The school zone speed camera program was reactivated on February 1st in the following locations
- Discovery School, 911 Abbott Rd.
- Dr. Blackman, PS 54, 2358 Main St.
- Eve School, 453 Leroy Ave.
- Grabiarz School/West Hertel, 489 Hertel Ave.
- Olmsted School, 319 Suffolk St.
- Houghton Academy, 1725 Clinton St.
- Hutch Tech/ Herman Badillo Bilingual Academy, 256 Elmwood Ave. / 315 Carolina St.
- Makowski School, 1095 Jefferson Ave.
- McKinley School, 1500 Elmwood Ave.
- Porter School/ DaVinci School, 255 Porter Ave. / 320 Porter Ave.
- Bennett Park Montessori, 342 Clinton St.

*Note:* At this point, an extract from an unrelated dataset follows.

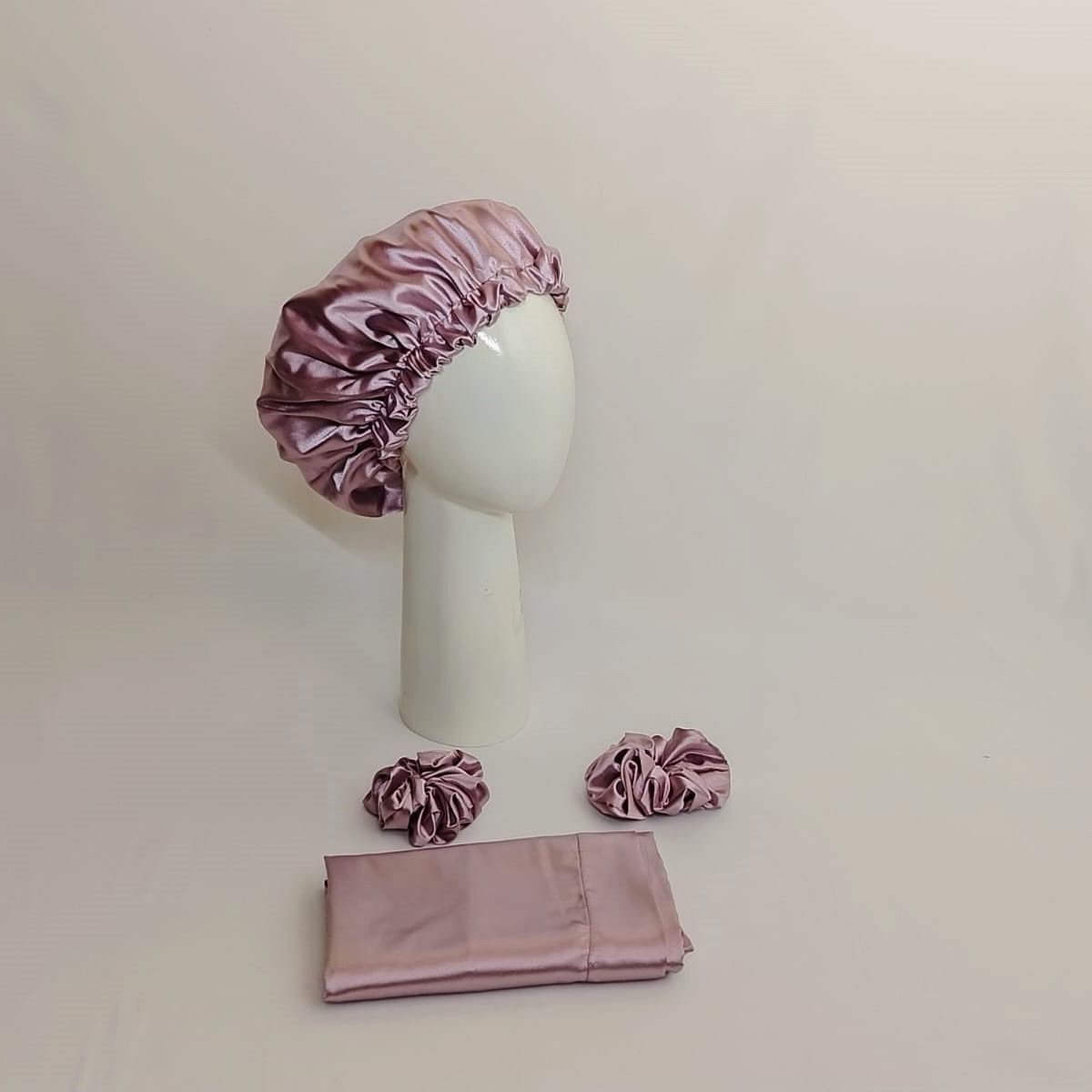 GENERICO - GORRO PARA DORMIR DE SATIN POR LOS DOS LADOS + FUNDA DE ALMOHADA MALVA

- Performing Arts, 450 Masten Ave.
- Academy Middle, 425 South Park
- Lewis J. Bennett School, 2885 Main St.
- Harvey Austin School, 1405 Sycamore St.
The city says there will also be the same education and warning period in place for the five cameras that were reactivated in the fall to keep the program aligned across the city and avoid confusion.
- Canisius High School, 1180 Delaware
- Nichols School, 1250 Amherst Street
- Notre Dame Academy, 1125 Abbott Road
- St. Joseph University School, 3275 Main Street
- Buffalo Promise Neighborhood Children’s Academy, 3149 Bailey Avenue
The city has been collecting data during the warning period.
"People are changing their culture in the school zone safety camera program areas, I think they're going to continue to change that culture," said Kevin Helfer, City Parking Violations Commissioner.
These cameras aim to keep students safe and improve traffic in the city, according to Mayor Byron Brown. But one Buffalo Common Council member says it's turned into a whole different animal.
One that’s costing people money when they’re already struggling. Urban planner Peter Rizzo looked into the cameras last month and found the city is disproportionately targeting high-poverty, minority neighborhoods.
He suggests the city needs to drop the program. Common Council Member Rasheed N.C. Wyatt says people in his district were struggling financially because of these cameras and they’ll start struggling again once they’re back on.
“I think it’s gonna get worse, we didn’t fix the problem, we just put a band-aid over it. This is something we just gotta get rid of and move forward and look at less punitive measures and I think speed humps, crosswalks and those type of things are the right way to go," said Wyatt.
Wyatt says he’s worried that if things don’t change with this program, the public will completely lose trust in the city. He’s meeting with groups this week to look into different ways to keep children safe and keep money in pockets at the same time.
The City of Buffalo created an interactive map to help you find each location more easily. You can access that map here.
Anyone who speeds will be issued a $50 fine.